Prompt
The required output is the stretch from the line containing "Hollywoodschaukel Drift Smart granit" through the line containing "Image by Rectangular Chafing Dish" in the records below, unaltered and with no pictures.
Data shown START
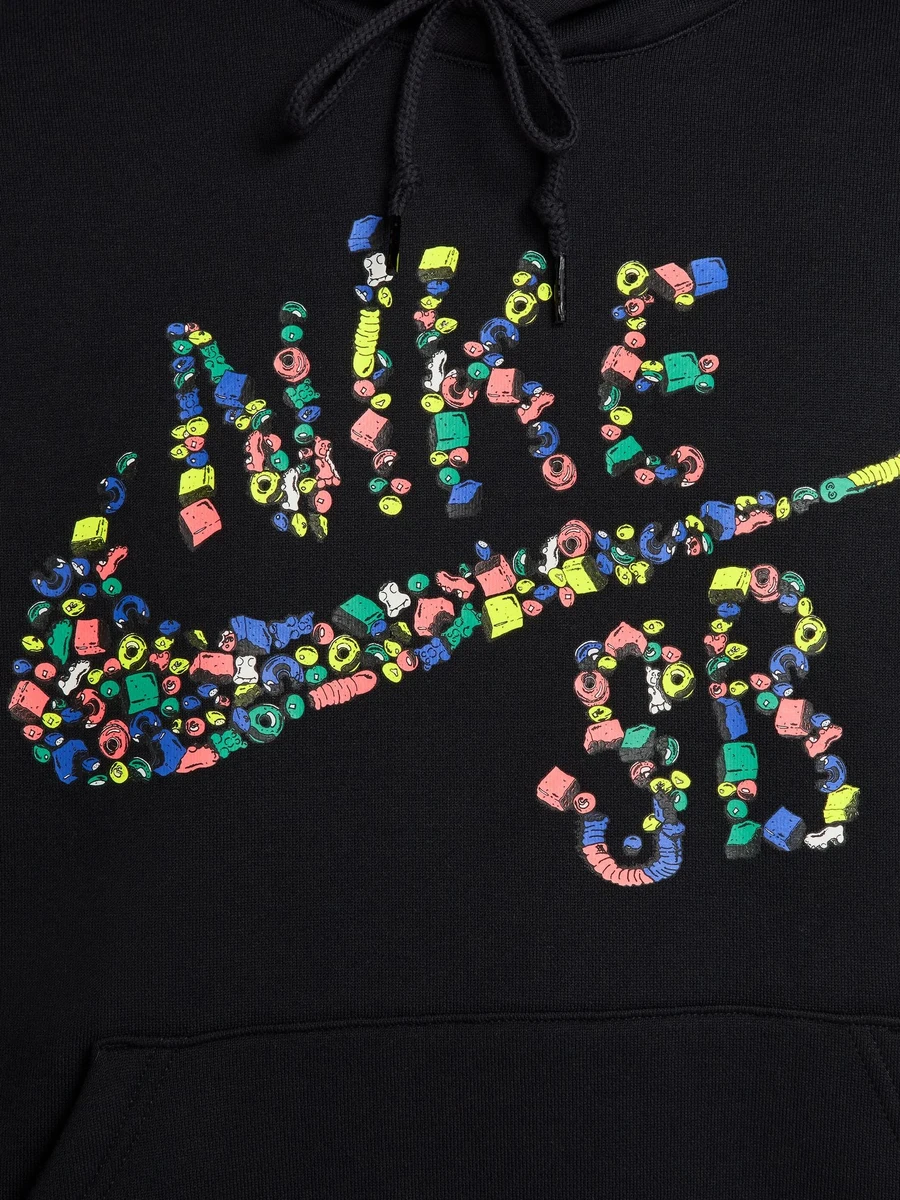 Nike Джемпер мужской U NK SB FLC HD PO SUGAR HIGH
Data shown END
Data shown START
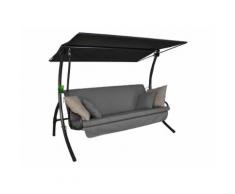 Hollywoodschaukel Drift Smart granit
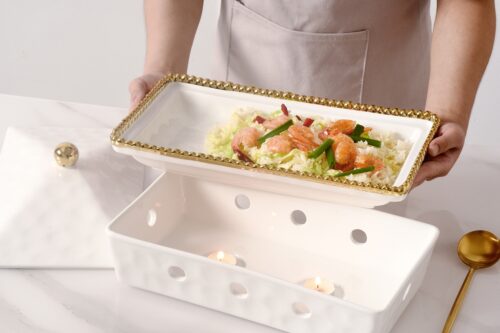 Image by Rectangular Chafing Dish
Data shown END
Task answer
 Hollywoodschaukel Drift Smart granit
 Image by Rectangular Chafing Dish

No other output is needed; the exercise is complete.